For the second quarter, ending June 30, 2003, net income was $3,919,157 compared with $3,451,535 for the second quarter of 2002—an increase of 13.6%. Second quarter earnings per share was 30¢ vs 25¢ in 2003, an increase of 20%.
For the six-month period, also ending June 30, 2003, net income was $7,756,340 compared with $7,233,874—an increase of 7.2%. Per share earnings for the six month period were 59¢ vs 53¢ in the comparable 2002 period, an increase of 11.3%.
John A. Forlines, Jr., Chairman and Chief Executive Officer, said these earnings were “very satisfactory” in view of prevailing weak economic conditions. “Once again, our mortgage loan subsidiary, GLL & Associates, fueled by the lowest interest rates in fifty years, was a huge contributor to these earnings. We also continued a strong effort to control expenses.” He said the Federal Reserve’s recent reduction in interest rates, its 13th consecutive reduction in the past two and a half years, was squeezing the bank’s interest margin as never before. He said he expected the economy and the bank to continue to struggle throughout the remainder of 2003.
Assets reached $811,085,586 at the end of the six-month period, a new high for the Company and a 15.7% increase over June 30, 2002. Deposits reached $600,083,716, another new high, reflecting a 14.9% increase over 2002’s June 30 figures. Loans totaled a record $567,301,335, an increase of 12.1%. Non-performing assets were up 143%, to $10,994,720. The loan loss reserve, at the end of June 30, 2003, totaled $8,854,445 or 1.59% of net loans outstanding.

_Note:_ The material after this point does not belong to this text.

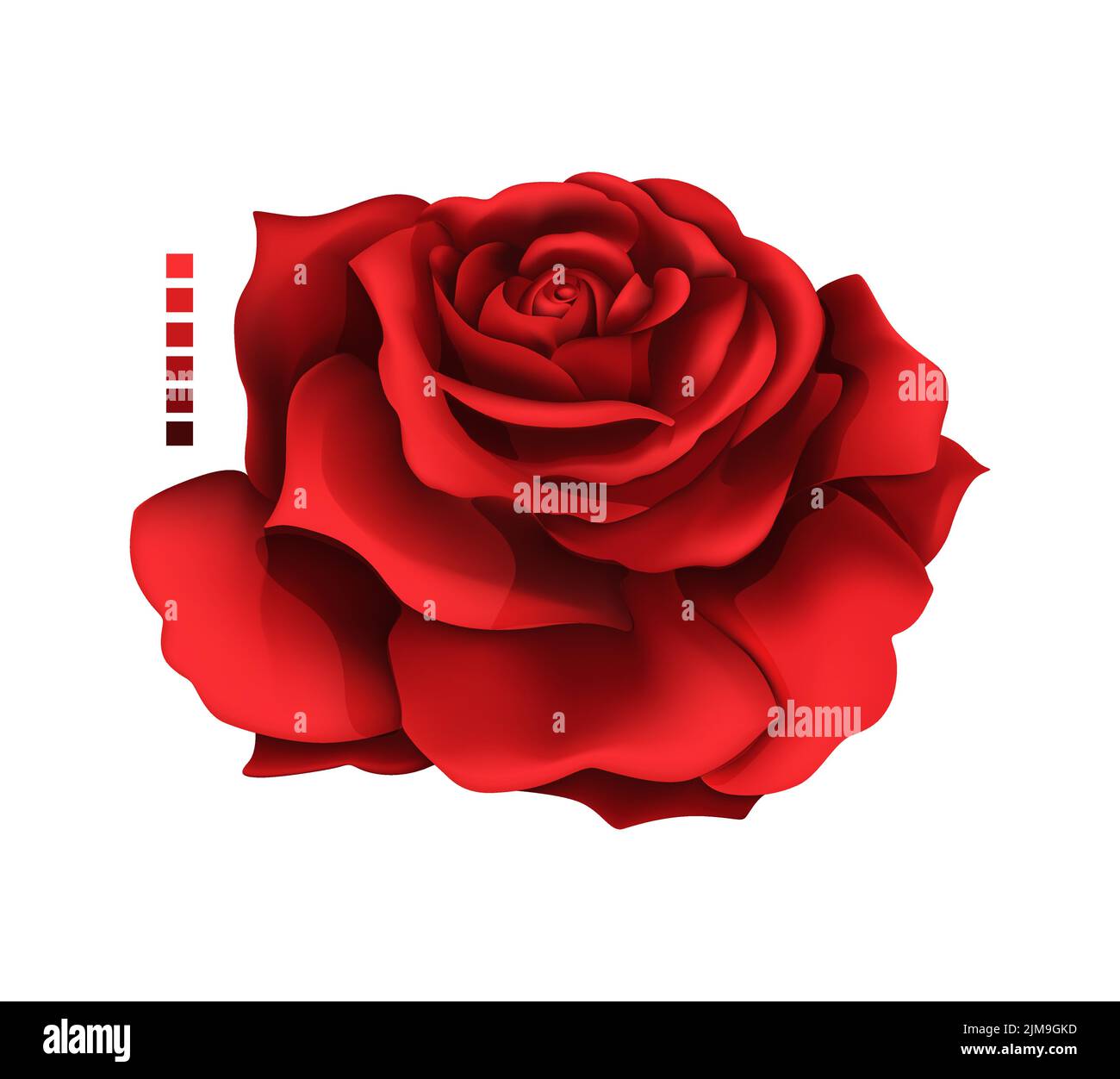 Dessin à la main rose et maille de couleur. Un rosebud fleuri. Illustration vectorielle. Illustration de Vecteur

Also, during the second quarter of 2003, directors increased the quarterly dividend to 12¢ per share compared to the rate of 11¢ per share paid in 2002. This represents a 9.1% increase in the quarterly rate. 2003 will mark the 50th consecutive year of increased cash dividends to Bank of Granite shareholders.

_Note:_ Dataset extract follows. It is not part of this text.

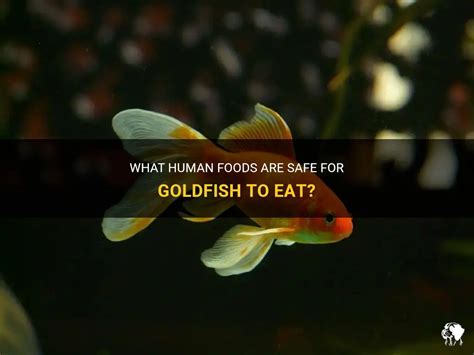 What Human Food Can Goldfish Eat: A Dive into the Culinary World of Aquatic Pets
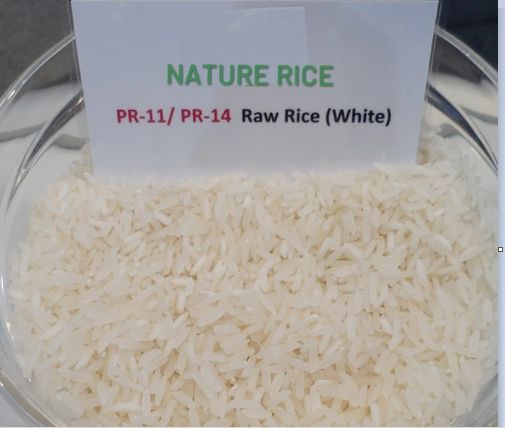 PR 11-PR 14 Raw White Rice, Certification : APEDA, FSSAI, ISO 9001:2008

Bank of Granite Corporation is the parent company of Bank of Granite, which operates thirteen full service banking offices and two loan production offices in Caldwell, Catawba, Burke, Watauga, and Wilkes Counties in North Carolina, and GLL & Associates, Inc. a mortgage banking company headquartered in Winston-Salem. Bank of Granite Corporation has an estimated 5,300 shareholders, with approximately 13.2 million shares of common stock currently outstanding. The stock trades on the Nasdaq Stock Market® System under the symbol GRAN. with a price of $18.40 at the end of the first quarter in 2002.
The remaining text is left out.